Posted date
Sprint Operation Guide
Table of contents
- Overview
- Basic rules and premise
- Sources
- Overall sprint planning
- Points of caution for contract development
- Sprint execution
- Prerequisites
- Sprint workflow
- Sprint planning meeting
- Daily work
- Product backlog refinement
- Sprint review
- Sprint retrospective
- Troubleshooting
- Stories are not finished within sprints
- A task was found to be missing from the story
- Product managers
- Role
- Story splitting cheat sheet
- Criteria for good stories: INVEST
- Story splitting format
- Daily scrums
- Sprint retrospective
- Introduction
- Workflow of retrospective
- Points of caution when conducting retrospectives
- Retrospective assessment sheet
- Source
- Criteria for good tasks: SMART
- Specific
- Measurable
- Achievable
- Relevant
- Time-boxed
Overall sprint planning
Make a sprint plan for the whole project.
- Create a timebox with a length of one sprint.
- Each sprint should generally be two weeks long. Use one-week sprints if the scrum team is inexperienced.
- If there are public holidays during a sprint, adjust the sprint so that there are at least eight business days.
- Sprints should ideally start on the same day of the week, as this creates a predictable rhythm.
- Sprints should not start on Mondays for the following reasons.
- The team will take time to warm up again after the weekend.
- In Japan, many public holidays are held on Mondays, so starting sprints on Mondays leaves the schedule prone to disruption.
- Create a product backlog.
- Establish stories based on the functional requirements.
- Statements like “Make it possible to do X” or “Incorporate Y” are better than simply “Do Z”. They decrease the readability of the list but are easier to picture.
- Large stories that cannot be completed in one sprint should be split according to the story splitting cheat sheet.
- Estimate the story points of each story.
- Stories must be split into small enough segments for the team to handle on their own (they must, at minimum, fit into one sprint).
- It is useful to set criteria like the following to determine whether stories need to be split, although this depends on the development team.
- A story should be split if it is likely to be larger than 13 points.
- A story should be split if it is likely to take longer than 2-3 days.
- The dependency relationships between stories should be considered when deciding and rearranging the priority order.
- Tests that are not included in stories based on functional requirements should be treated as separate stories.
- This does not need to be done for all tests in the project, only the tests planned for phases that appear in the overall sprint plan.
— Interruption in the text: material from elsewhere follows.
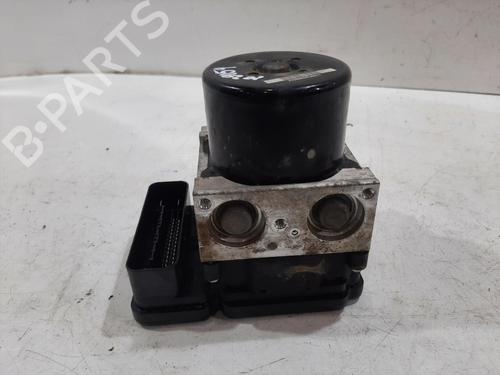 ABS Bremseaggregat FORD FIESTA VI (CB1, CCN) 1.4 | BP29471647M43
- Create a sprint backlog.
- Determine the velocity of the development team (the number of story points that will be handled in each sprint).
- If the development team is inexperienced (contains members who are working on Scrum for the first time), the team’s velocity is likely to be low in the early sprints and then gradually increase. Consider this when deciding on the velocity of each sprint.
- Move tasks from the product backlog to the sprint backlog to fit the velocity of each sprint.
- Check that this schedule is compatible with the master schedule.
- For contract development, the following events are milestones.
- Reviews by internal parties outside the scrum team
- Client reviews
- Exchange of deliverables with other teams
- Testing of connectivity with other systems
- Before each sprint (at least one sprint prior), check that the necessary stories are being finished.
- The key to success in development is to keep a safety period between the scheduled completion time and the time of the milestone in the master schedule.
- If a safety period is not possible, either the task is being started too late or the schedule is unrealistic.
Example of a plan created for a real project
Points of caution for contract development
Note: In waterfall development, a written project plan is usually used to plan projects. While sprints are planned as described in this document instead, some points in the project plan used for waterfall development are still necessary.
Consider the overall sprint plan to be equivalent to the development schedule in a project plan.
If the project as a whole is in waterfall model and sprints are only used for part of the project, care is needed when planning. With that said, the points requiring caution are basically the same as those that need to be considered when creating a schedule in waterfall model.
If these points are not taken into account when making the schedule, a simple failure to meet the estimates will require a report to the leaders or a new plan, and there is a high risk of a vicious cycle where work is repeatedly being rescheduled.
- It is important for progress to occur as planned, as the situation is judged according to the plan.
- Do not expect the same velocity from start to finish. It is common for velocity to decrease at the beginning.
- Velocity usually increases not as a result of the team becoming familiar with operating methods but for reasons such as gaining a deeper understanding of the requirements or design or becoming familiar with the development technology.
- The degree to which velocity increases can be predicted by the gap between the knowledge and skills of the development team members and the knowledge and technical skills required for the project.
- Taking measures to reduce this gap will increase velocity.
- Since the three parameters of a project are period, scope and cost, in cases where the period and scope are fixed (such as lump-sum contracts), the focus needs to be on controlling cost while completing the project.
- When checking that the schedule is compatible with the master schedule, make sure there is a buffer at the end of the phases.
- The buffers used for real projects vary considerably, from 20% to 100%.
- Like plans in waterfall model, the size of the buffer should be decided based on the characteristics of the project.